- Born: 30 May 1930 Leipzig, Germany
- Died: 23 January 1998 (aged 67) Berlin, Germany
- Occupations: Film director, screenwriter
- Years active: 1955–1986

= Ralf Kirsten =

German film director (1930–1998)

Ralf Kirsten (30 May 1930 - 23 January 1998) was a German film director and screenwriter. He directed 22 films between 1955 and 1986. His 1984 film Where Others Keep Silent was entered into the 14th Moscow International Film Festival.

==Life and career==
After doing an apprenticeship as an electrician, Kirsten went to university to study German literature and theatre, first at Humboldt University of Berlin, and later the Theater Institute in Weimar. He then went on to study film direction at the Film and TV School of the Academy of Performing Arts in Prague (FAMU) alongside fellow East German Frank Beyer. He graduated in 1956, and began working in television.
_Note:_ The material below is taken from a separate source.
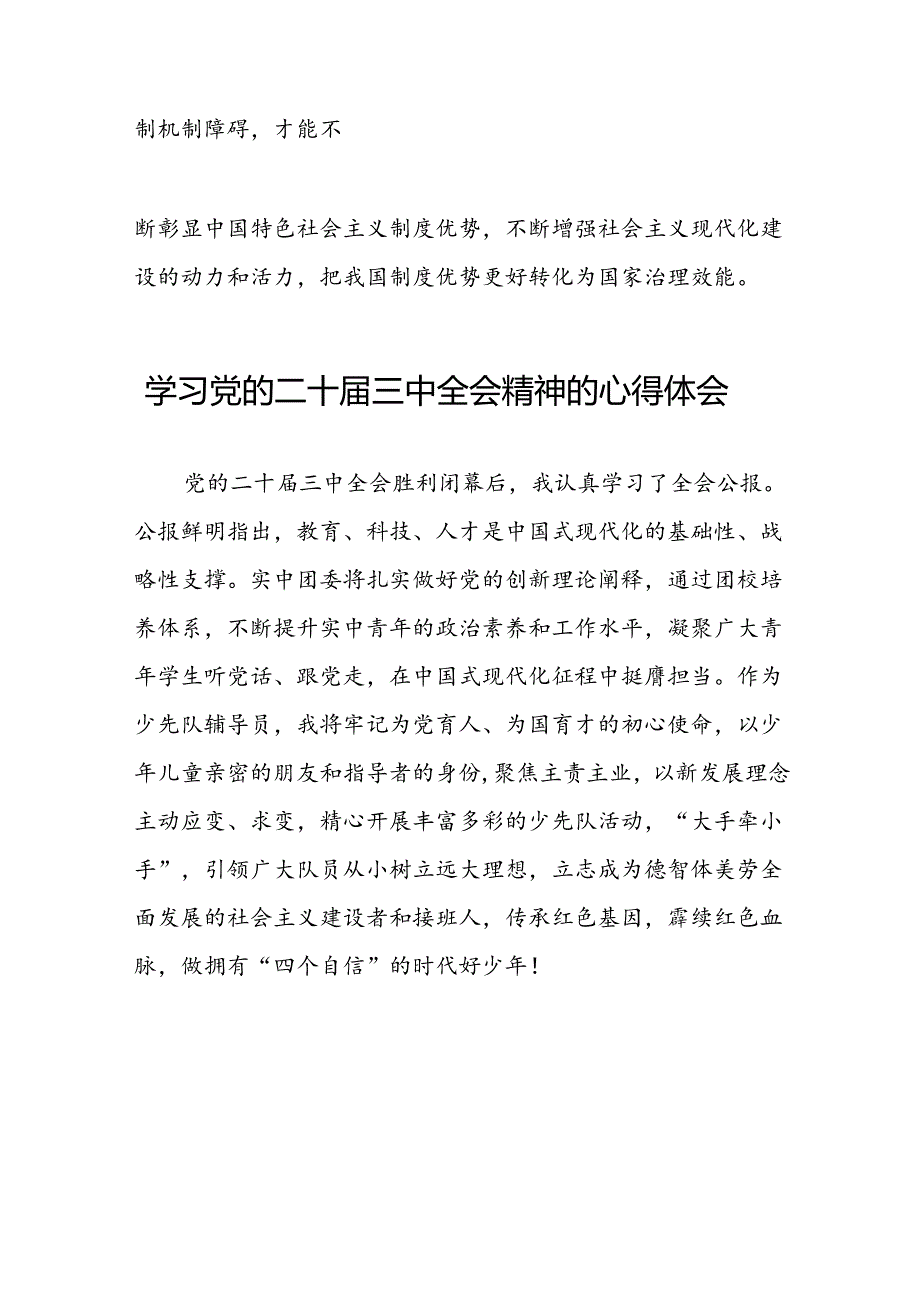 2024年党的二十届三中全会精神学习体会简短发言四十篇.docx_第2页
In 1960, Kirsten joined DEFA, the state-owned film studio of the German Democratic Republic (GDR), where he had previously produced both his FAMU diploma film, Bärenburger Schnurre (Bärenburger Farce), and his first feature film, Skimeister von morgen (Ski Champions of the Future). His first film for DEFA was Steinzeitballade (Stone Age Ballad), an experimental film about rubble women in post-war Berlin, which was well received by critics. In 1961 Kirsten found popular success with Auf der Sonnenseite (On the Sunny Side), a comedy about a factory worker who dreams of becoming a star, featuring Manfred Krug in the lead role. Kirsten and Krug would go on to collaborate on several other films.

In 1966, Kirsten directed a film adaptation of Der verlorene Engel, a Franz Fuhmann novel about sculptor Ernst Barlach. The film was initially banned, and was only shown in public for the first time in 1970, with a general release the following year. Kirsten made several films about historical figures, including 1984's Where Others Keep Silent, about the early 20th century German communist leader Clara Zetkin.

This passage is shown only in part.